-------- ENTRIES PROVIDED

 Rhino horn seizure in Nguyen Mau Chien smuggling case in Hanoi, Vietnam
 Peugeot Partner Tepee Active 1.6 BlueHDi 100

----------------
-------- ENTRIES PROVIDED

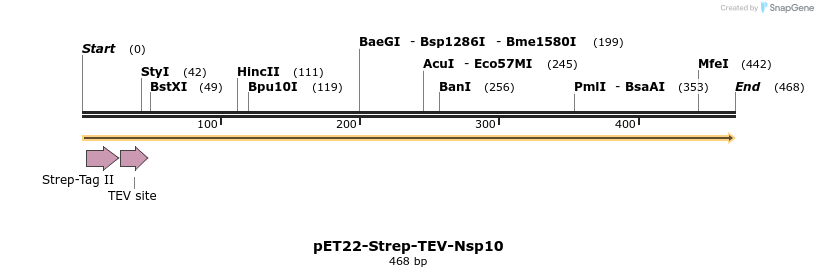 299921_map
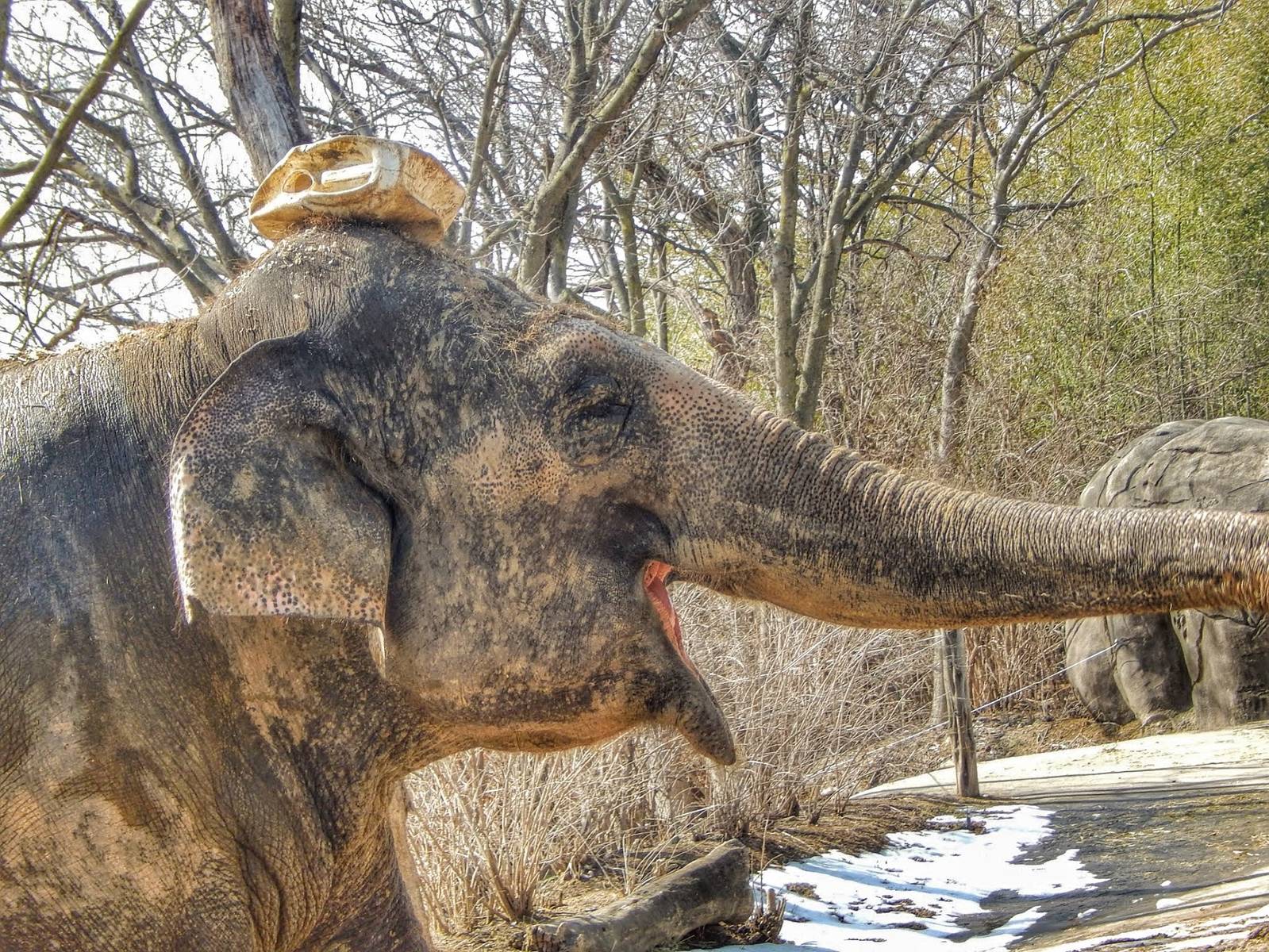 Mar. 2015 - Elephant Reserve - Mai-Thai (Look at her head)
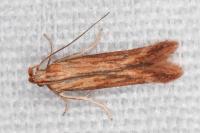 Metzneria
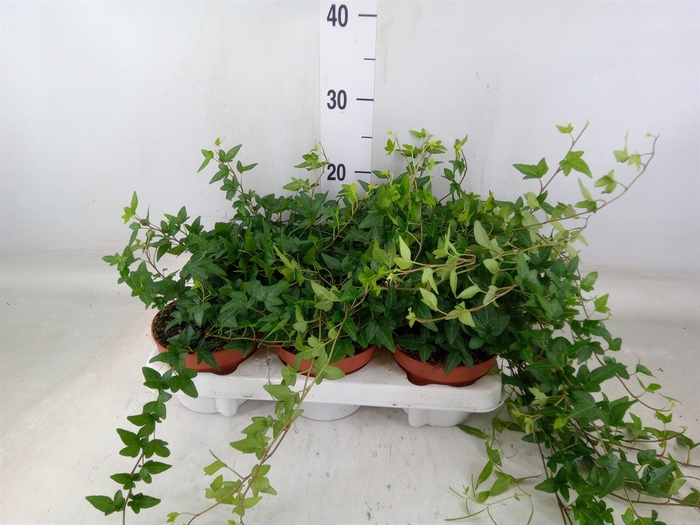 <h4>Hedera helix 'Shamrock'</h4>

----------------

REQUIRED ACTION: Of all the entries above, retype exactly the lines from the line with "Rhino horn seizure" to the line with "Peugeot Partner Tepee Active 1.6 BlueHDi 100", both included, and no others.

EXERCISE SOLUTION:
 Rhino horn seizure in Nguyen Mau Chien smuggling case in Hanoi, Vietnam
 Peugeot Partner Tepee Active 1.6 BlueHDi 100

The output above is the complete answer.